Why the hesitation?

Have you ever been a part of something good, but you find yourself hesitating?  I mean a part of something good and Godly, and you know it's meant to happen, but you find yourself acting fearful; fearful of what you might do, and fearful of what God might do to you.  That's how I feel when I get together with my friend, Chris.

Chris and I are meeting every other Tuesday as part of an idea of accountability in the area of evangelism.  The past couple meetings have been erratic, but truly blessed by God, as I find myself renewed over and over again.  I love Chris, I love his ideas for life, and I love how he impacts my way of thinking and living.  Every time I leave our time together, I feel as though I've been reignited for the cause of Christ.  Why then, do I find myself hesitating?

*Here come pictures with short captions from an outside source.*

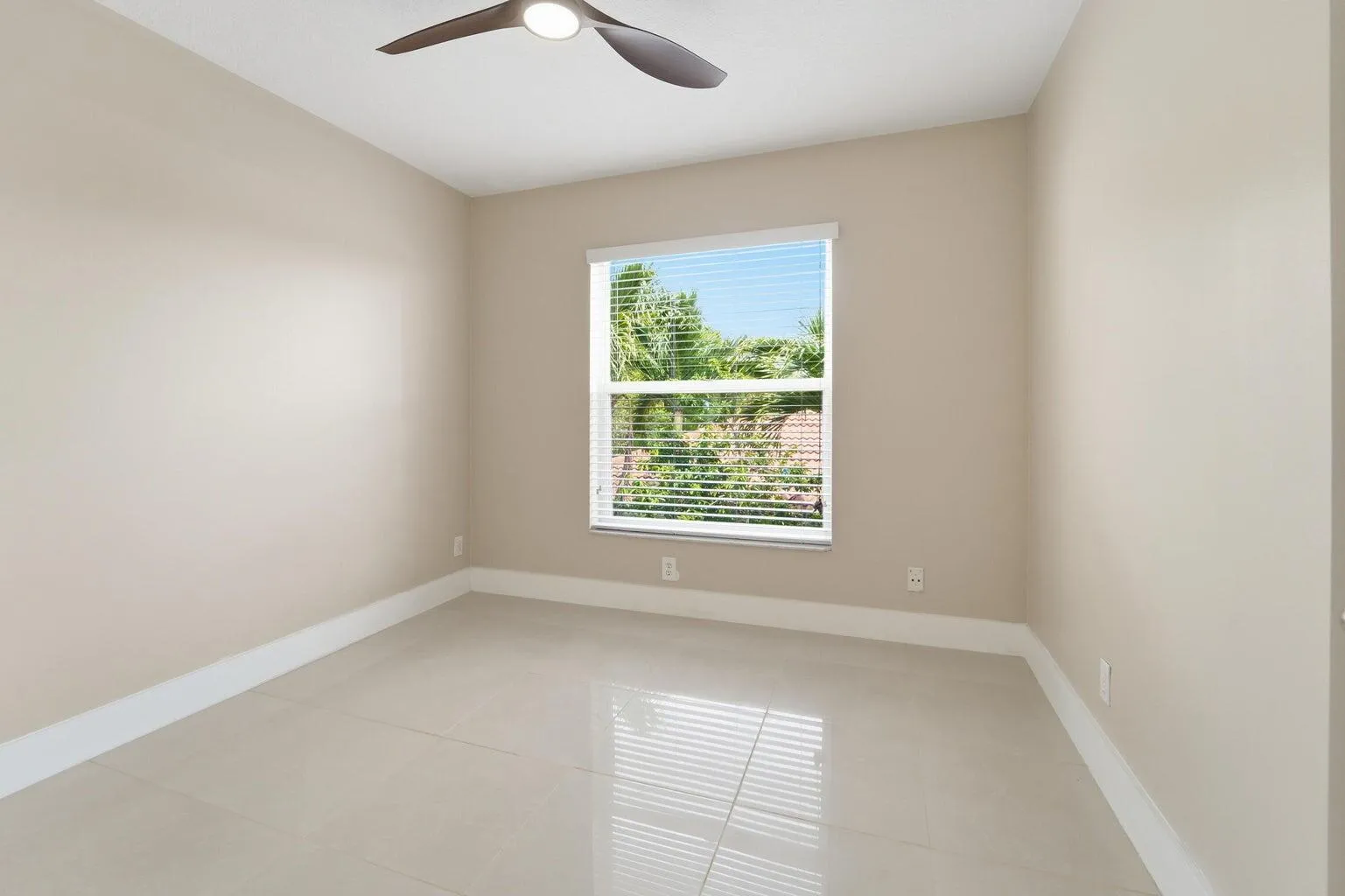 guest room 1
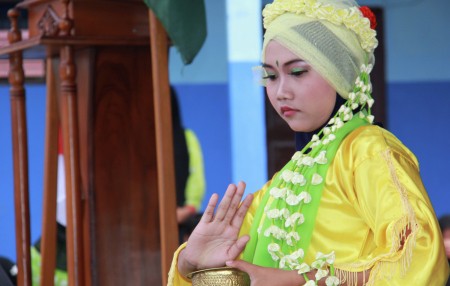 Menari Radap Rahayu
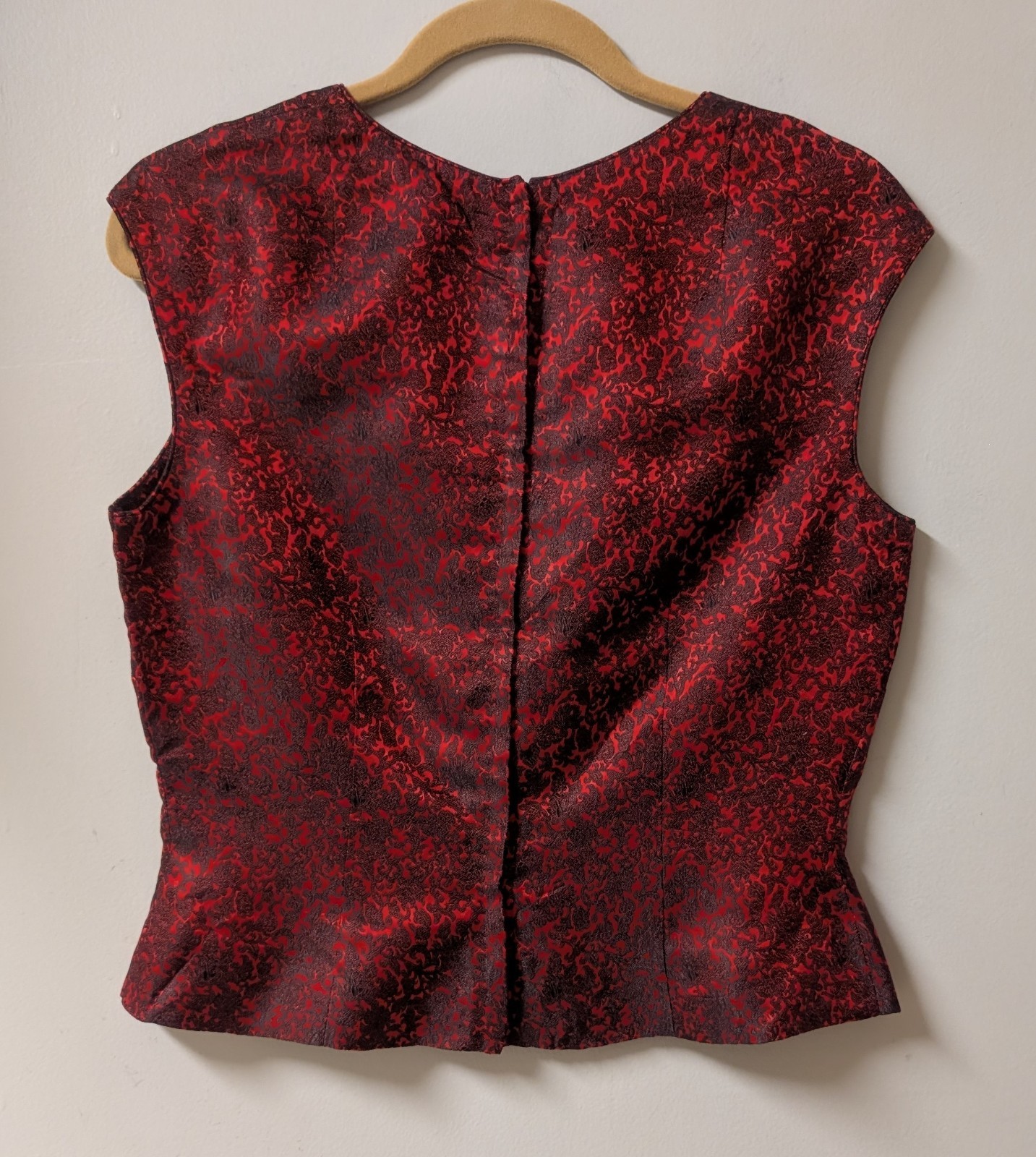 Vintage 60’s Jacquard Satin Red Black Cropped Evening Top Back Metal Zipper M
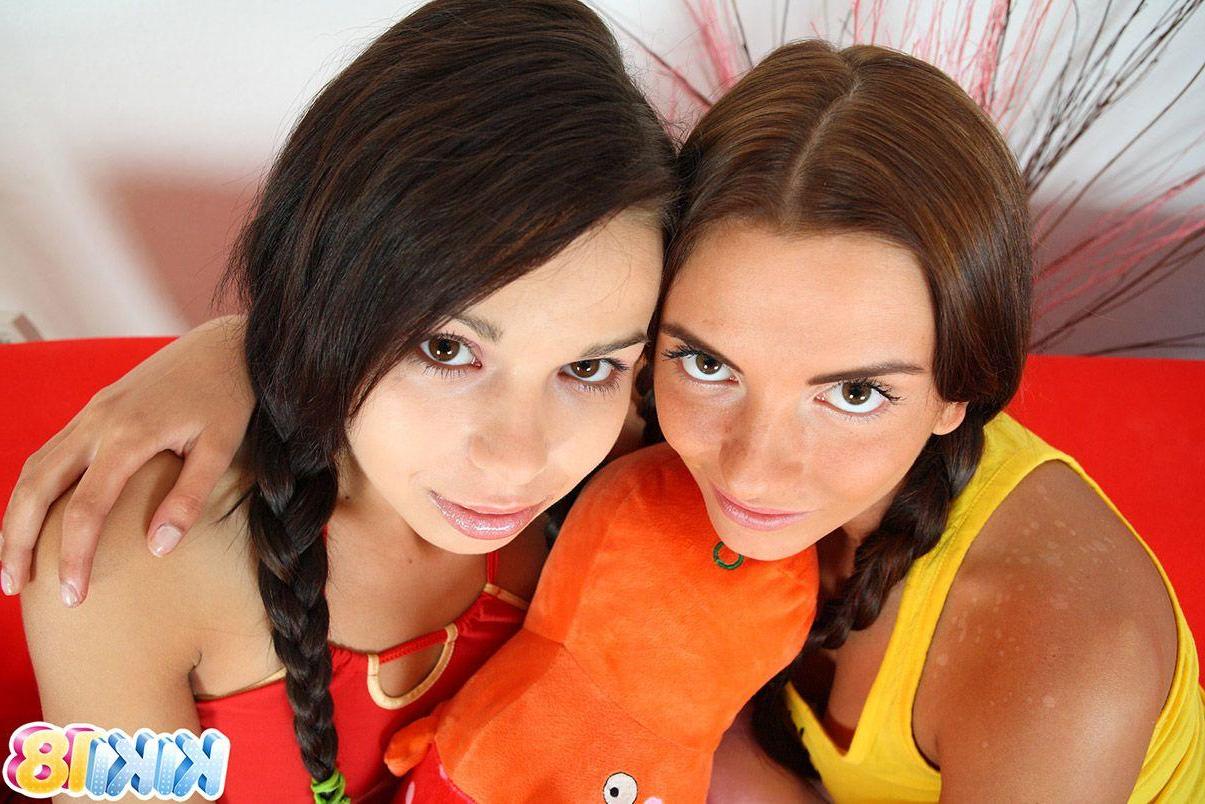15P Pictures of teen Kiki 18 enjoying some lesbian pussy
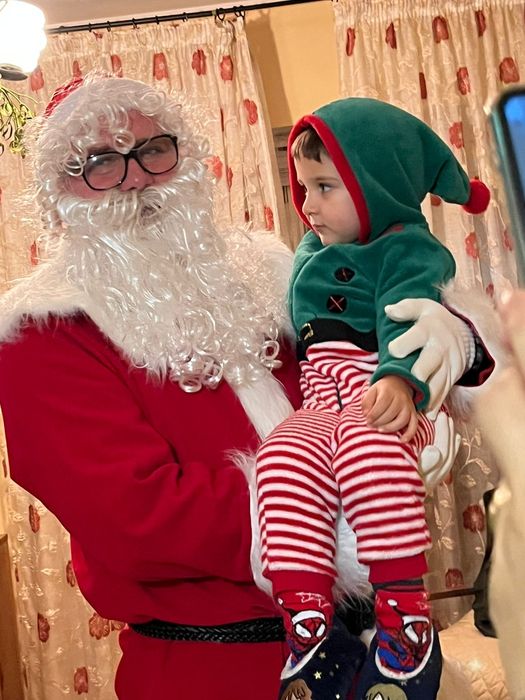 Mos  Crăciun ,cu excepțiă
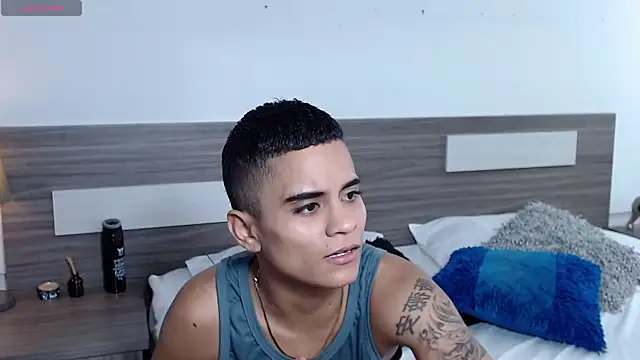 Liiamthompson online show from 4, 12, 2025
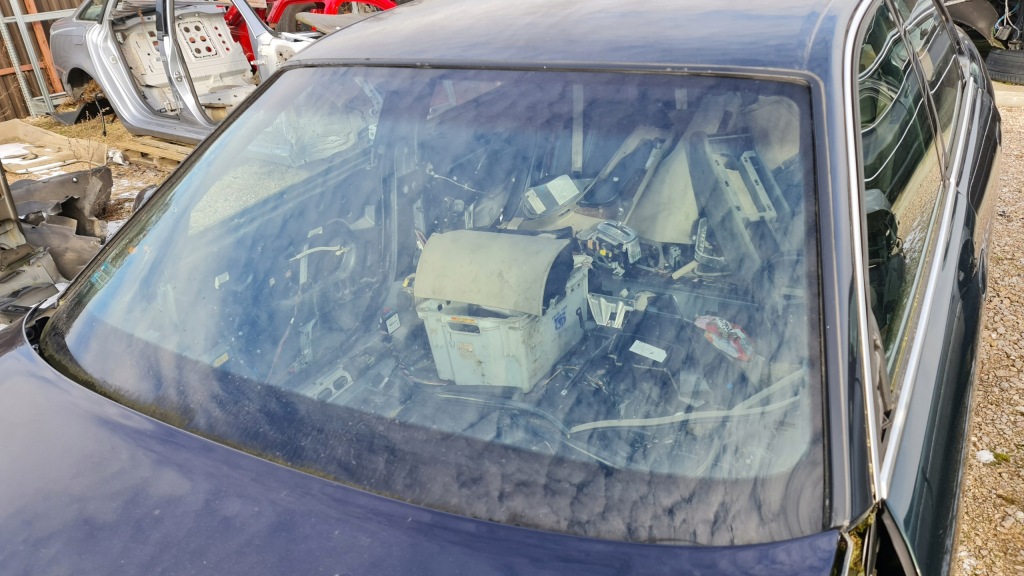 фото №1, Скло перед кузовна a8 d2 виріз lubelskie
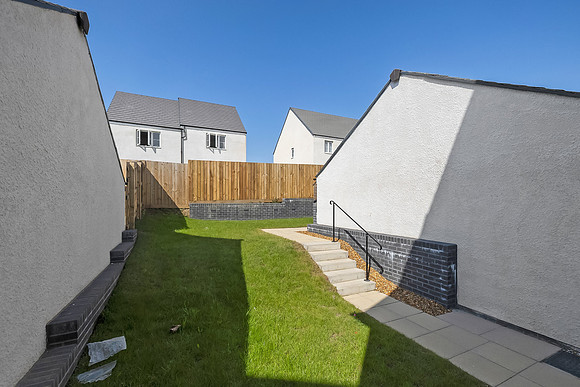 18 Buzzard Way - Garden - 0002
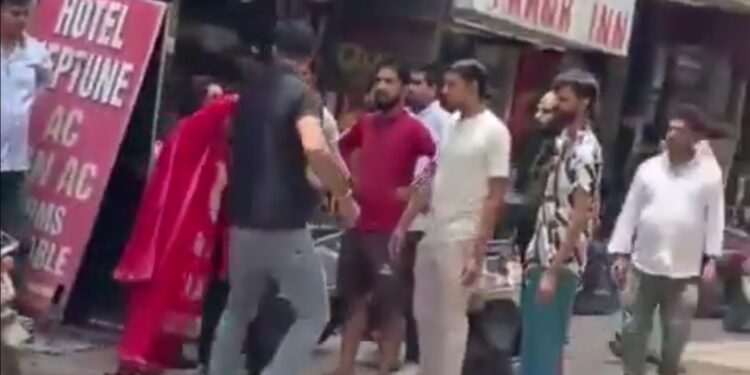 देखे VIDEO होटल में पति ने पत्नी को उसके बॉयफ्रेंड संग पकड़ा। बॉयफ्रेंड की सड़क पर पिटाई की।
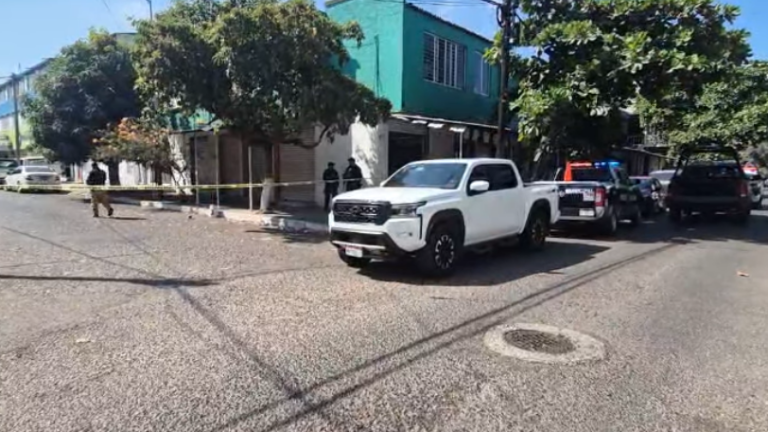 En una preparatoria de Lázaro Cárdenas, en Michoacán, un joven asesinó a dos maestras.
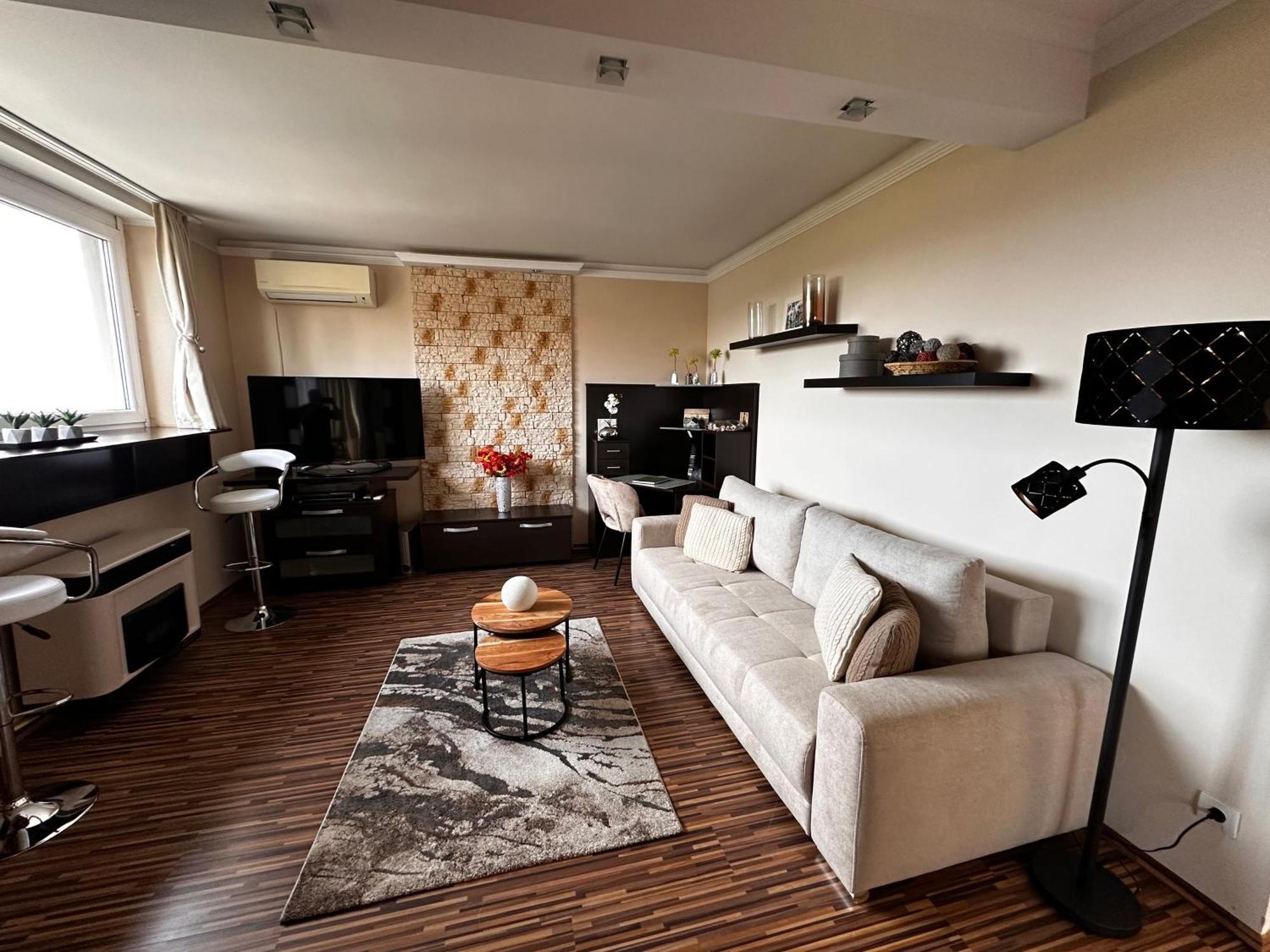 Apartment On Gellert Hill Downtown With Free Garage & Castle View บูดาเปสต์ ภายนอก รูปภาพ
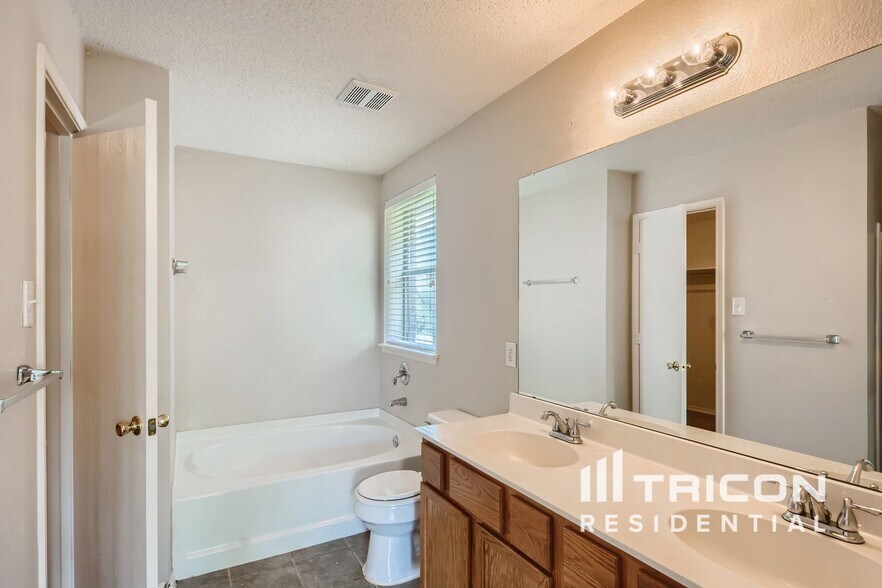 Building Photo - 510 Appaloosa Dr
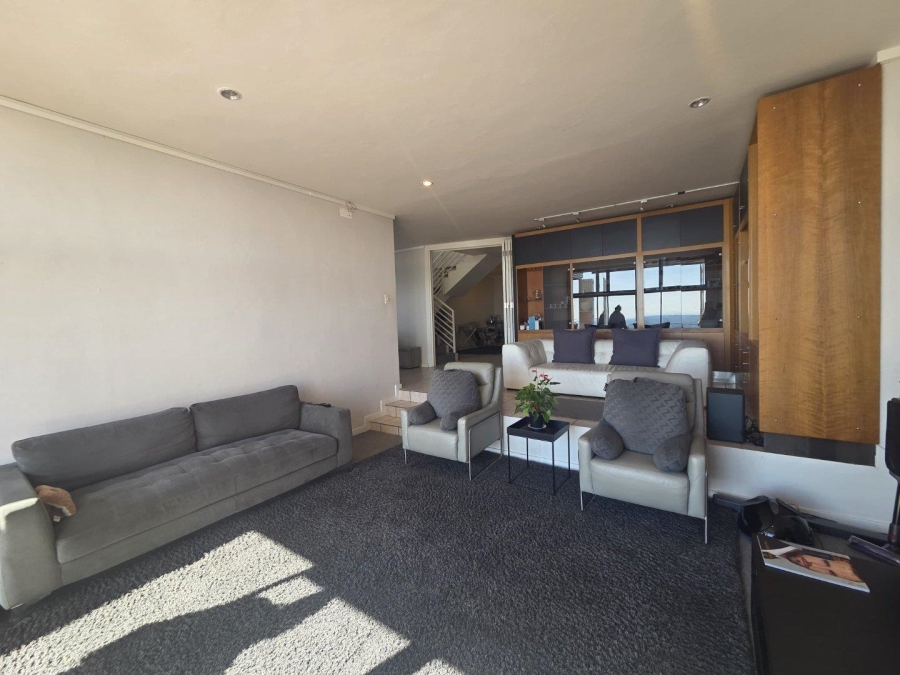 To Let 3 Bedroom Property for Rent in Northcliff Gauteng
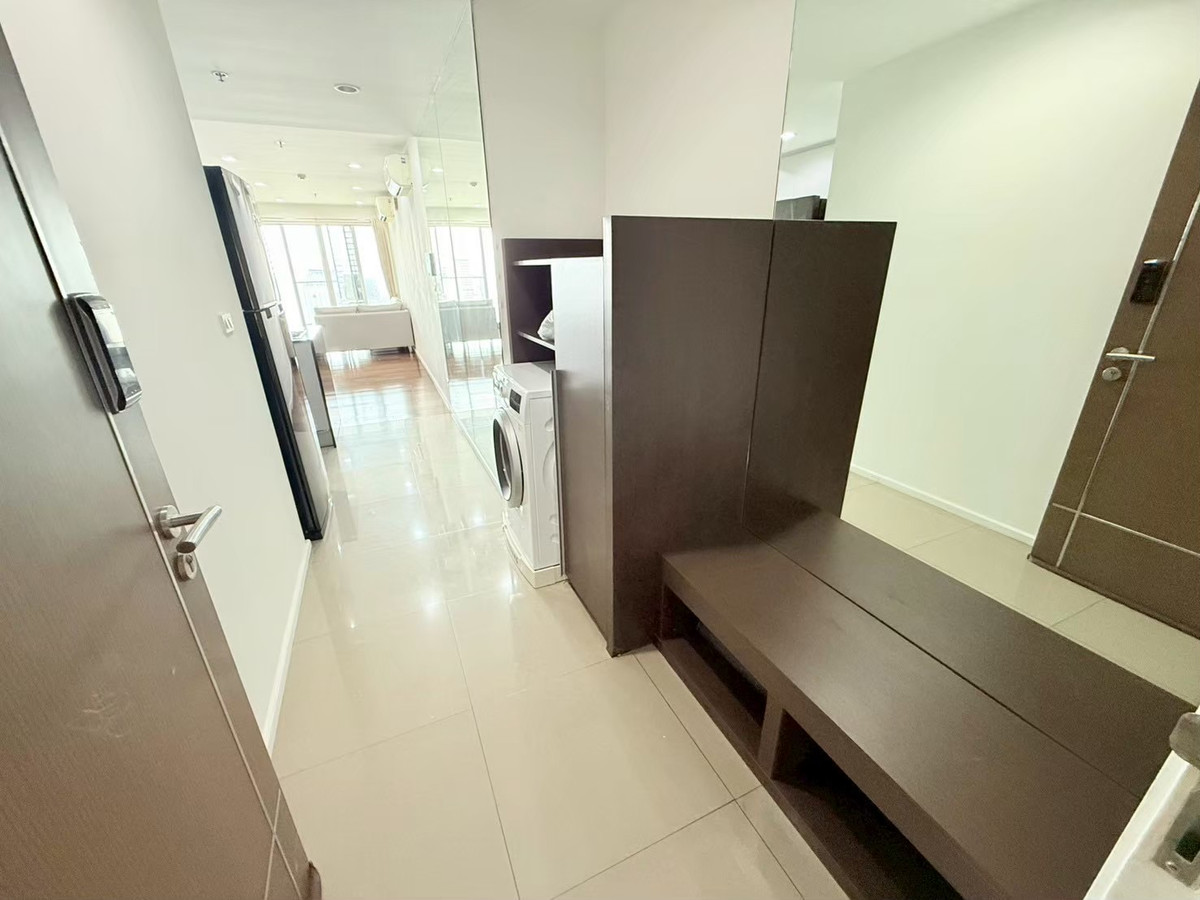 For RentCondoNana, North Nana,Sukhumvit13, Soi Nana : Condo for rent 15 Sukhumvit Residences, fully furnished condo, ready to move in, close to BTS Nana and Asoke, convenient travel!!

I told you we meet every Tuesday night.  What I left out was that every Tuesday afternoon, I find myself wanting to do something other than meet with him.  I don't want to bail on him or leave him hanging, but I get distracted and busy.  It frustrates me to think that the Devil has worked his way into my schedule, and I feel in need of a re-commitment of my time and energy, bringing it all back to a focus on the Lord.

I know it's been forever since my last post, and I know this isn't an in-depth reveal as to what's been going on in my life, but I want to use this blog as an avenue to communicate my heart...and that's how my heart feels today.